Property is one of several under investigation for improper financial reporting

New York /
Oct.October 16, 2020 10:05 AM
Seven Springs in Westchester and Donald Trump (Getty; Trump Org)

Seven Springs in Westchester and Donald Trump (Getty; Trump Org)

The Trump Organization is considering the sale of a sprawling Westchester estate that, after years of the company’s unsuccessful attempts to develop it, has come under investigation.

Local agents said the property, known as Seven Springs, would sell for around $50 million or even less, although President Donald Trump’s business has valued it at nearly six times that figure over the years, the Wall Street Journal reported.

The firm lowered its valuation after agreeing to preserve part of the property, but the New York attorney general’s office is probing whether it received improper tax benefits as a result.

Trump purchased the property in 1995 for $7.5 million, but his plans to subdivide and develop it were stymied. The value of the property — which Trump reported as $261 million in 2011 — was based in part on anticipated revenue from planned residential developments that were never built. A 2012 appraisal pegged the property at $291 million, the New York Times reported.

Trump sought to develop the 213-acre property, first into a golf course, and then into luxury residences, but encountered opposition to both plans — in part because the property straddles three different localities. Trump then entered into a conservation agreement with a nonprofit to not develop 158 acres of woodland.

That easement was valued at $21.1 million in a 2016 appraisal, conducted for the president’s son Eric Trump, that valued the property at $56.5 million. A 2018 appraisal valued the property at $50 million.

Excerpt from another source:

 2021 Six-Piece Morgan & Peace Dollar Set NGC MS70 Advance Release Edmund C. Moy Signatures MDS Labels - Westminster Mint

Attorney General Letitia James is investigating the property’s easement to determine whether the original value was bloated and the post-easement value understated — at zero — to inflate the tax benefit of the agreement.

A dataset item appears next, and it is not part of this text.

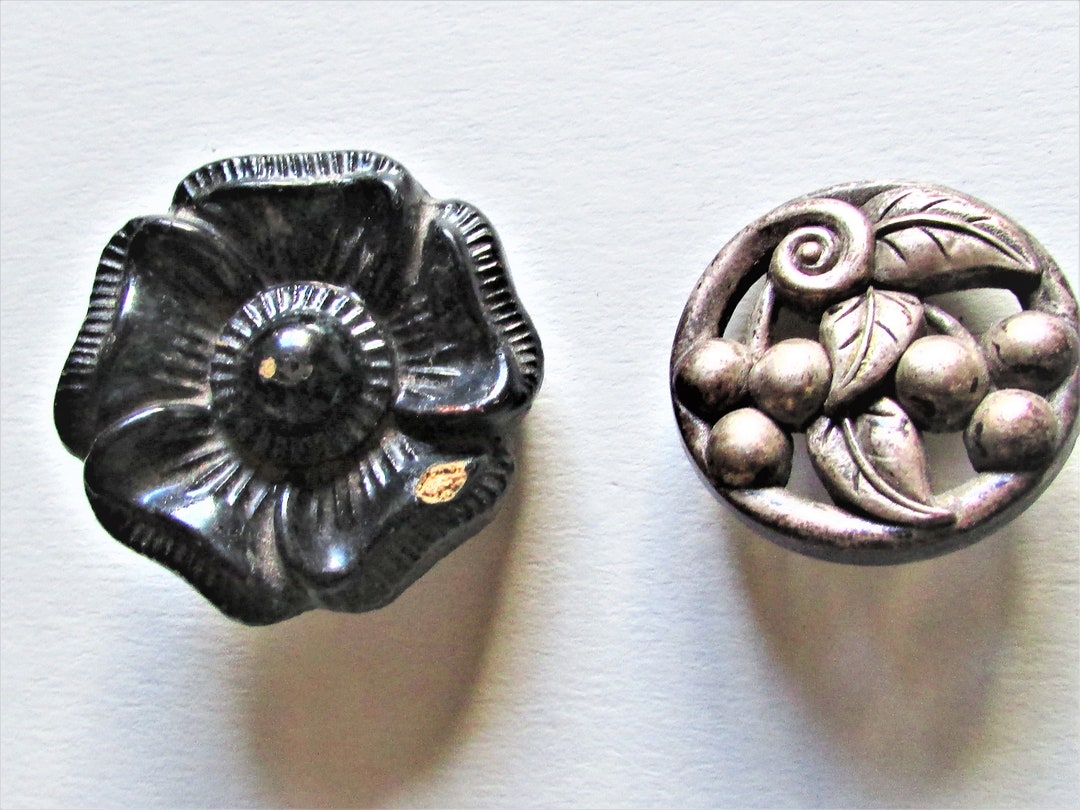 Antique Buttons Gutta Percha Black Button Stamped ANN & Gun Etsy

The investigation, which includes several other properties owned by the Trump Organization, was initiated after Michael Cohen testified before Congress in 2019 that the company falsely reported the value of its real estate assets.

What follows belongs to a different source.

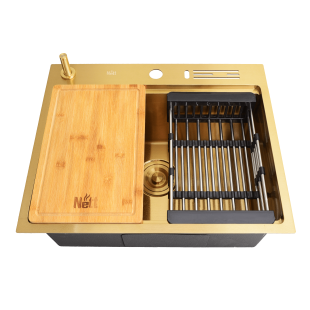 Złoty zlewozmywak ze stali nierdzewnej Nett NG-5747  zdjęcie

The 15-bedroom property, built in 1919 for Eugene Meyer, the first president of the World Bank, drew attention in 2009 when Libyan dictator Muammar Gaddafi paid Trump rent to pitch a Bedouin-style tent there.

The mansion features three pools, an antique bowling alley and two service wings.

The property has not been listed publicly, but a spokesperson for the Trump Organization told the Journal that it is “one of the largest, most valuable and most iconic properties in Bedford” and said that “if the right opportunity presents itself, the Trump family would certainly entertain it.”